UNITED STATES
SECURITIES AND EXCHANGE COMMISSION
WASHINGTON, DC 20549
______________________
FORM 8-K
CURRENT REPORT
Pursuant to Section 13 or 15(d) of the Securities Exchange Act of 1934
July 09, 2020
Date of report (Date of earliest event reported)
______________________
ENCORE CAPITAL GROUP, INC.
(Exact name of registrant as specified in its charter)
Delaware | 000-26489 | 48-1090909 | ||||||
(State or other jurisdiction of incorporation) | (Commission File Number) | (IRS Employer Identification No.) |
350 Camino de la Reina, Suite 100
San Diego, California 92108
(Address of principal executive offices)(Zip Code)
(877) 445-4581
(Registrant’s telephone number, including area code)
Not applicable
(Former name or former address, if changed since last report.)
_____________________
Check the appropriate box below if the Form 8-K filing is intended to simultaneously satisfy the filing obligation of the registrant under any of the following provisions:
☐ Written communications pursuant to Rule 425 under the Securities Act (17 CFR 230.425)
☐ Soliciting material pursuant to Rule 14a-12 under the Exchange Act (17 CFR 240.14a-12)
☐ Pre-commencement communications pursuant to Rule 14d-2(b) under the Exchange Act (17 CFR 240.14d-2(b))

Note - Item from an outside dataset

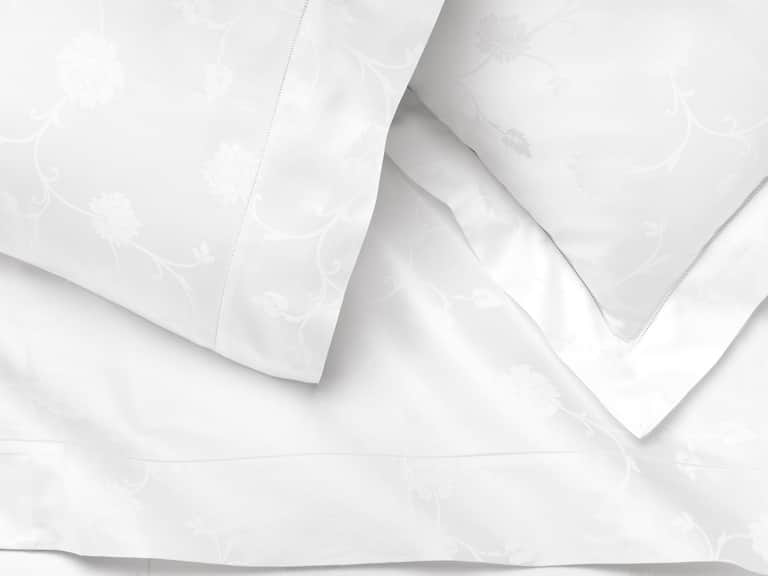 SFERRA Giza 45 Jacquard Flat Sheet image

☐ Pre-commencement communications pursuant to Rule 13e-4(c) under the Exchange Act (17 CFR 240.13e-4(c))
Securities registered pursuant to Section 12(b) of the Act:
Title of each class | Trading Symbol(s) | Name of each exchange on which registered | ||||||||||||
Common Stock, $0.01 Par Value Per Share | ECPG | The NASDAQ Stock Market LLC |
Indicate by check mark whether the registrant is an emerging growth company as defined in Rule 405 of the Securities Act of 1933 (§230.405 of this chapter) or Rule 12b-2 of the Securities Exchange Act of 1934 (§240.12b-2 of this chapter).
Emerging growth company ☐
If an emerging growth company, indicate by check mark if the registrant has elected not to use the extended transition period for complying with any new or revised financial accounting standards provided pursuant to Section 13(a) of the Exchange Act. ☐
Item 1.01 Entry into a Material Definitive Agreement.
On July 9, 2020, Encore Capital Group, Inc. (the “Company”) entered into Amendment No. 5 (“Amendment No. 5”) to the Third Amended and Restated Credit Agreement dated as of December 20, 2016 (as amended, supplemented or otherwise modified prior to the date of Amendment No. 5, the “Existing Credit Agreement”) by and among the Company, the several banks and other financial institutions and lenders from time to time party thereto and listed on the signature pages thereof, and Truist Bank, as administrative agent and collateral agent.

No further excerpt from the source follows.